• _TASK GOAL_: Write out again, word for word, the lines below from the line that holds "116 Leather Flower Dr" through the line that holds "Otoyolda yarış yapan", omitting pictures.

• _EXCERPTED DATA_:
★ ★ ★
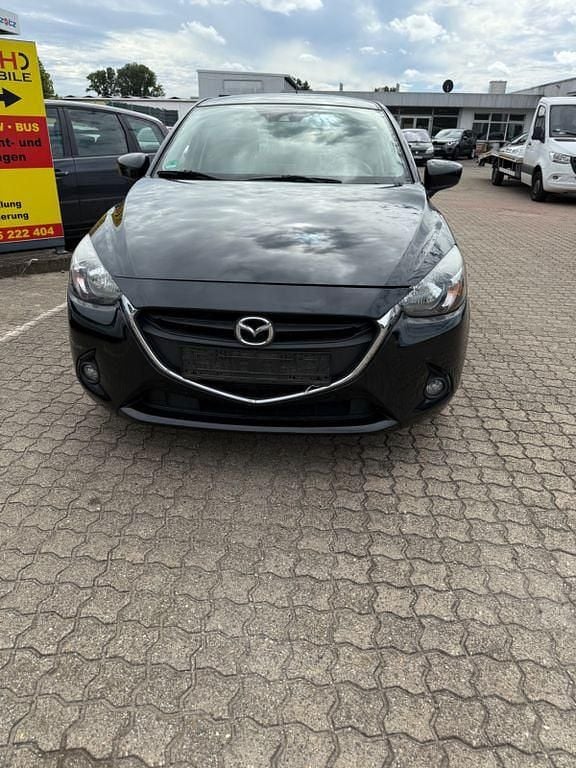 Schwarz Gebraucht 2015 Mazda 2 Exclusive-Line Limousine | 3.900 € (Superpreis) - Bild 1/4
★ ★ ★
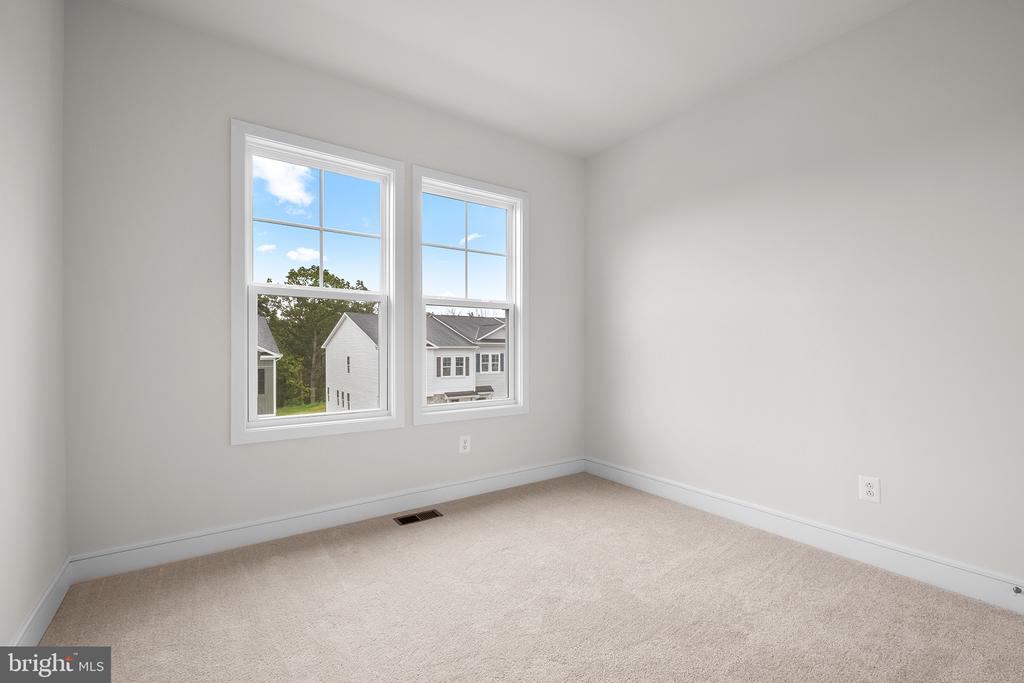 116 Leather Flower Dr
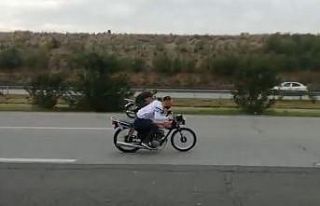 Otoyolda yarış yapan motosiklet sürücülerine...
★ ★ ★
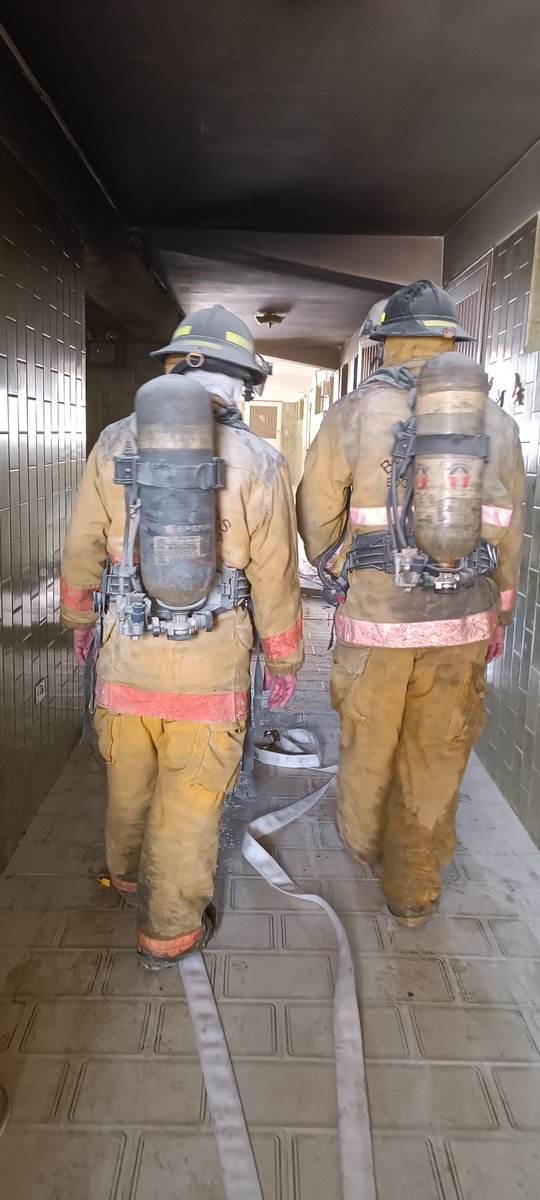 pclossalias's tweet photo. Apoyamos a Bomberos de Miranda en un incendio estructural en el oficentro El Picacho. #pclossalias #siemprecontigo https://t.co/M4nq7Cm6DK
★ ★ ★
• _EXERCISE SOLUTION_:
 116 Leather Flower Dr
 Otoyolda yarış yapan motosiklet sürücülerine...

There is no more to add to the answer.